Records

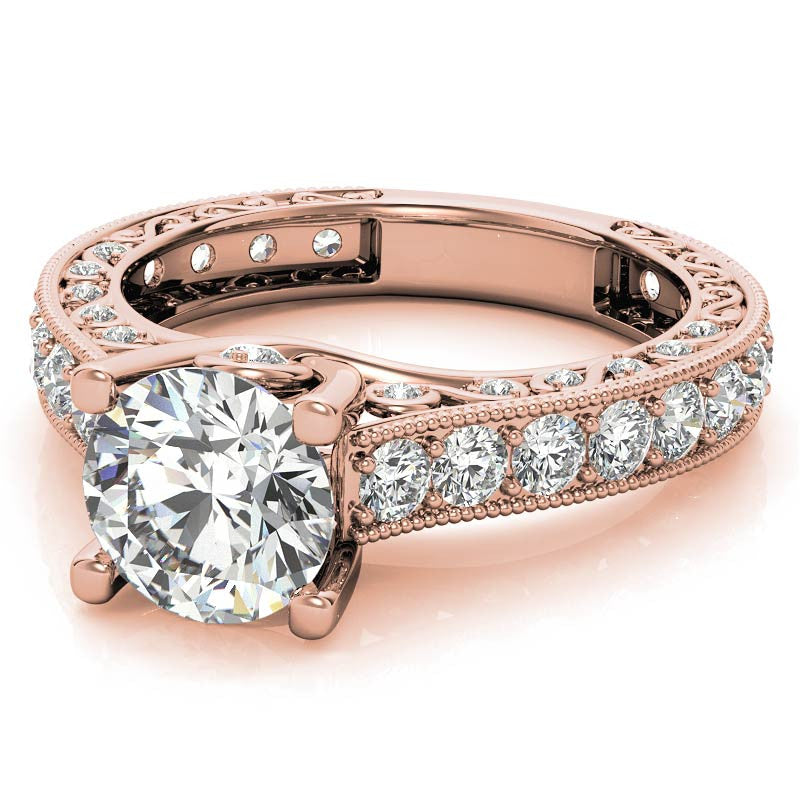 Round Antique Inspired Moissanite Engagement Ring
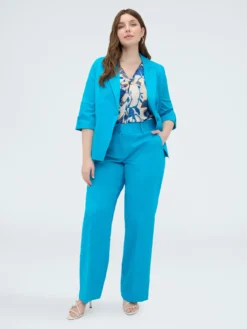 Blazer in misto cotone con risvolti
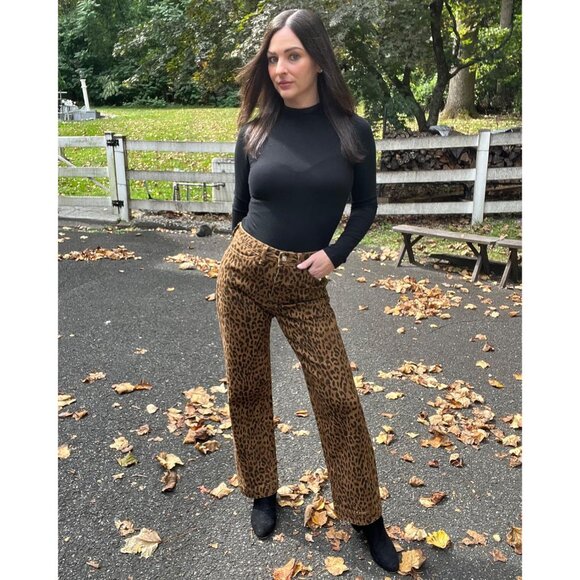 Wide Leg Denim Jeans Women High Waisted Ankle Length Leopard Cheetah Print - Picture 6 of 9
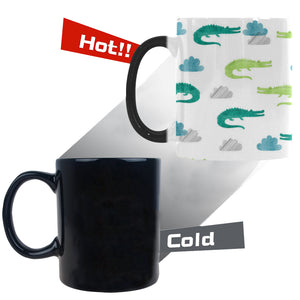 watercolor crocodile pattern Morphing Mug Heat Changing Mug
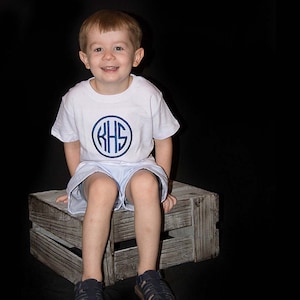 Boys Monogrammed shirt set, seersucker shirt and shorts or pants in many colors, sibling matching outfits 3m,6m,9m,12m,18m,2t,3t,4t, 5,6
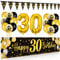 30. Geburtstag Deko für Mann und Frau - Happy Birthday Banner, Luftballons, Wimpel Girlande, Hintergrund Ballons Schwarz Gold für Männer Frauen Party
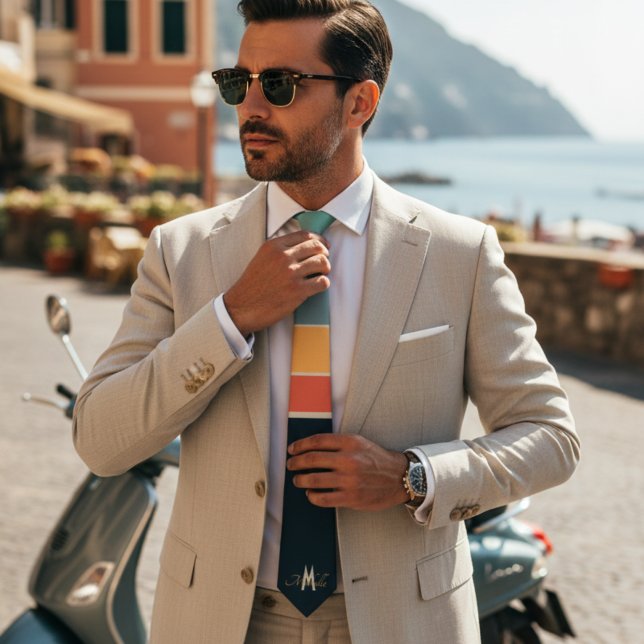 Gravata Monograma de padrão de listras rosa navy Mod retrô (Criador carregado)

Prompt
Reproduce exactly and only the lines from the "Boys Monogrammed shirt" line to the last line of the records above. Do not carry over any pictures.

Answer to the exercise
 Boys Monogrammed shirt set, seersucker shirt and shorts or pants in many colors, sibling matching outfits 3m,6m,9m,12m,18m,2t,3t,4t, 5,6
 30. Geburtstag Deko für Mann und Frau - Happy Birthday Banner, Luftballons, Wimpel Girlande, Hintergrund Ballons Schwarz Gold für Männer Frauen Party
 Gravata Monograma de padrão de listras rosa navy Mod retrô (Criador carregado)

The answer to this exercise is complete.